[[ Entries shown open ]]

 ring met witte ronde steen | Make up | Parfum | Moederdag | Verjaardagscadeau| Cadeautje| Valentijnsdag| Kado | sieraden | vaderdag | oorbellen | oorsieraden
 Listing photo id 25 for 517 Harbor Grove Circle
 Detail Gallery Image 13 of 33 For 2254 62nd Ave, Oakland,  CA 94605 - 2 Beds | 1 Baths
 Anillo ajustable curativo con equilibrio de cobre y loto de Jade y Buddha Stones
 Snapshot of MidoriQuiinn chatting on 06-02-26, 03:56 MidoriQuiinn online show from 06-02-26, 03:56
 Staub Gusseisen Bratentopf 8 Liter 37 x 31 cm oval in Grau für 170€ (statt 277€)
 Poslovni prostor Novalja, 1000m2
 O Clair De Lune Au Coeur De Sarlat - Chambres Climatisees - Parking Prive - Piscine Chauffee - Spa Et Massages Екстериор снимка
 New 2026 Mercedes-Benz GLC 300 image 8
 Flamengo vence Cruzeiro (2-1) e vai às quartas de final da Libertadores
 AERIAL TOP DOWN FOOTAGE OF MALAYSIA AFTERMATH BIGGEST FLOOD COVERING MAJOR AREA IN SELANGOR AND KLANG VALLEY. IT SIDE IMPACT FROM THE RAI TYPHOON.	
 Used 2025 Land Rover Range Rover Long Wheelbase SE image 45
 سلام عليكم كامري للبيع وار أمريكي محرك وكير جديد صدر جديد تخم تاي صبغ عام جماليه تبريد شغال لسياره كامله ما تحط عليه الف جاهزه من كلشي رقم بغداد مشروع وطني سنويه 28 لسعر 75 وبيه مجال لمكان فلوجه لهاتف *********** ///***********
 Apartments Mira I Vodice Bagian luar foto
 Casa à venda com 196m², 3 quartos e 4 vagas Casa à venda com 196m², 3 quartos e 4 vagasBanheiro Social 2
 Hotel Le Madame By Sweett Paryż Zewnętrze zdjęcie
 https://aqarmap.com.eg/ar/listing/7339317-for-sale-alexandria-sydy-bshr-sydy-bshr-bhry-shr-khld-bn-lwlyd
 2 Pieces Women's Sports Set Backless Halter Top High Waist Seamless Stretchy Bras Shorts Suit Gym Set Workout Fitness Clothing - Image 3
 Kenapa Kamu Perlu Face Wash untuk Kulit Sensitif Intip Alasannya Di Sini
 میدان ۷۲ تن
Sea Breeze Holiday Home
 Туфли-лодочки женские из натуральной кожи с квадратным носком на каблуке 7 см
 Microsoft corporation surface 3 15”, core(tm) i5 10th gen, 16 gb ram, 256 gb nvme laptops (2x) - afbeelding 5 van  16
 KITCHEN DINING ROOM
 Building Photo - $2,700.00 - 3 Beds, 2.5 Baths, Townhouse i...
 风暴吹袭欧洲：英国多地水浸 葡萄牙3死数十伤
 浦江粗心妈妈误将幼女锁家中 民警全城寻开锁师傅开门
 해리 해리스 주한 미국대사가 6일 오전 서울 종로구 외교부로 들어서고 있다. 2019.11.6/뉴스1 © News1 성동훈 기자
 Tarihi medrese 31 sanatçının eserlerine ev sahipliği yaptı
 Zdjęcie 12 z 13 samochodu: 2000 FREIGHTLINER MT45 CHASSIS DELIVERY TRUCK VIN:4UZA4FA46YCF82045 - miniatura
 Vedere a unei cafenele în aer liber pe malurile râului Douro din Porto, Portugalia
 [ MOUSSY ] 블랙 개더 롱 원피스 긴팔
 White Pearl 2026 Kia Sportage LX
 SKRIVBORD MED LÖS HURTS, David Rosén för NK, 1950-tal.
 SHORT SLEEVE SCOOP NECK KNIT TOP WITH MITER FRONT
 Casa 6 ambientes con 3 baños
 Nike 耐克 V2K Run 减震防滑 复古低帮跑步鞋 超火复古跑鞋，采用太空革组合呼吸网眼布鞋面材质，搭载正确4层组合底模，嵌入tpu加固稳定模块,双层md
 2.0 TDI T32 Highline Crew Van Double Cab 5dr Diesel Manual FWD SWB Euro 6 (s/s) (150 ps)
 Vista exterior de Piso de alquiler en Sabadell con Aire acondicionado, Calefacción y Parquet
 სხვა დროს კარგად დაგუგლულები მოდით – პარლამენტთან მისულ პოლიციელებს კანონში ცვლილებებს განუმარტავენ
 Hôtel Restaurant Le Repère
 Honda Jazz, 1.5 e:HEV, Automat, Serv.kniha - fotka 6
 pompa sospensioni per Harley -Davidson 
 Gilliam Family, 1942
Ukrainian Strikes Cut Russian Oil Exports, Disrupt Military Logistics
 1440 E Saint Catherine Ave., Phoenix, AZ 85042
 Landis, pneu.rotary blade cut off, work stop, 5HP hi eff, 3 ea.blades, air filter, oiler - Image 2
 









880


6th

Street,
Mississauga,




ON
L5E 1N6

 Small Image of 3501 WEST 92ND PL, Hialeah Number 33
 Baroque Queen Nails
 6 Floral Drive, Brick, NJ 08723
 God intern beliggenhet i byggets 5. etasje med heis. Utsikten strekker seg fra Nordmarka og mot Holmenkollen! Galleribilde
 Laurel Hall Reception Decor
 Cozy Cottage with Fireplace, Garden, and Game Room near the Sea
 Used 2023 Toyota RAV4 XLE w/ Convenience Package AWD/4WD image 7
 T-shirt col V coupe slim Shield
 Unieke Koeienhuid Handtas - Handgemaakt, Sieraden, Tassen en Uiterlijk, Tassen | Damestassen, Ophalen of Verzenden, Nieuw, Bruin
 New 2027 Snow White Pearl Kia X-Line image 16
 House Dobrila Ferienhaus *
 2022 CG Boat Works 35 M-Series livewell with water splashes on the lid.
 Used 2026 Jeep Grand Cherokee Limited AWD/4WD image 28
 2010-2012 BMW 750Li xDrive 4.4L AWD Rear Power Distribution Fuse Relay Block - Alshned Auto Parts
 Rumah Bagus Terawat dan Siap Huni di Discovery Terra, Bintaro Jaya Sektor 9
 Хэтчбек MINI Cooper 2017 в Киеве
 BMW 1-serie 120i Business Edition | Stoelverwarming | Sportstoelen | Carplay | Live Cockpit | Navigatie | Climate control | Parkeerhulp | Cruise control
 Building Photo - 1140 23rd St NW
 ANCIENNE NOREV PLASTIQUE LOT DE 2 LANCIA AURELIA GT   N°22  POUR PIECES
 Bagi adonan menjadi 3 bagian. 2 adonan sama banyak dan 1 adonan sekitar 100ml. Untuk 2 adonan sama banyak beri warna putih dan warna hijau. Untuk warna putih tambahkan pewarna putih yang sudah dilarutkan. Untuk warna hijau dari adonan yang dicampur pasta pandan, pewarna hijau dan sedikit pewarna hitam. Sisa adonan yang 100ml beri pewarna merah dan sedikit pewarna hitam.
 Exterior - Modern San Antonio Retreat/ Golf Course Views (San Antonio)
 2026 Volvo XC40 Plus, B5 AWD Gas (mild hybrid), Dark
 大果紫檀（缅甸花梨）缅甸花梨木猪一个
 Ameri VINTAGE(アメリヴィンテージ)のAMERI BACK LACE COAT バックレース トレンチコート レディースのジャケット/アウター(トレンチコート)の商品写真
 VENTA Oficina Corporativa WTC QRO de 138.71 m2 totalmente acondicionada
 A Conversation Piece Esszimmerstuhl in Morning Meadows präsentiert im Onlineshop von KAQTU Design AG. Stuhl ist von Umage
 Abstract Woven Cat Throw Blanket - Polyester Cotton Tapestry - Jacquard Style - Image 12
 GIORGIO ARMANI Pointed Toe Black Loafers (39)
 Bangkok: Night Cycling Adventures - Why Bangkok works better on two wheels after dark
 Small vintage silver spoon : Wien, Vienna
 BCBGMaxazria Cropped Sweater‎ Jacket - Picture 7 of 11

[[ Entries shown closed ]]

▶ [Task] Using the data above, extract exactly the lines from the one that holds "Zdjęcie 12 z" to the one that holds "Gilliam Family, 1942", both ends included, and no others.

▶ [Exercise result]
 Zdjęcie 12 z 13 samochodu: 2000 FREIGHTLINER MT45 CHASSIS DELIVERY TRUCK VIN:4UZA4FA46YCF82045 - miniatura
 Vedere a unei cafenele în aer liber pe malurile râului Douro din Porto, Portugalia
 [ MOUSSY ] 블랙 개더 롱 원피스 긴팔
 White Pearl 2026 Kia Sportage LX
 SKRIVBORD MED LÖS HURTS, David Rosén för NK, 1950-tal.
 SHORT SLEEVE SCOOP NECK KNIT TOP WITH MITER FRONT
 Casa 6 ambientes con 3 baños
 Nike 耐克 V2K Run 减震防滑 复古低帮跑步鞋 超火复古跑鞋，采用太空革组合呼吸网眼布鞋面材质，搭载正确4层组合底模，嵌入tpu加固稳定模块,双层md
 2.0 TDI T32 Highline Crew Van Double Cab 5dr Diesel Manual FWD SWB Euro 6 (s/s) (150 ps)
 Vista exterior de Piso de alquiler en Sabadell con Aire acondicionado, Calefacción y Parquet
 სხვა დროს კარგად დაგუგლულები მოდით – პარლამენტთან მისულ პოლიციელებს კანონში ცვლილებებს განუმარტავენ
 Hôtel Restaurant Le Repère
 Honda Jazz, 1.5 e:HEV, Automat, Serv.kniha - fotka 6
 pompa sospensioni per Harley -Davidson 
 Gilliam Family, 1942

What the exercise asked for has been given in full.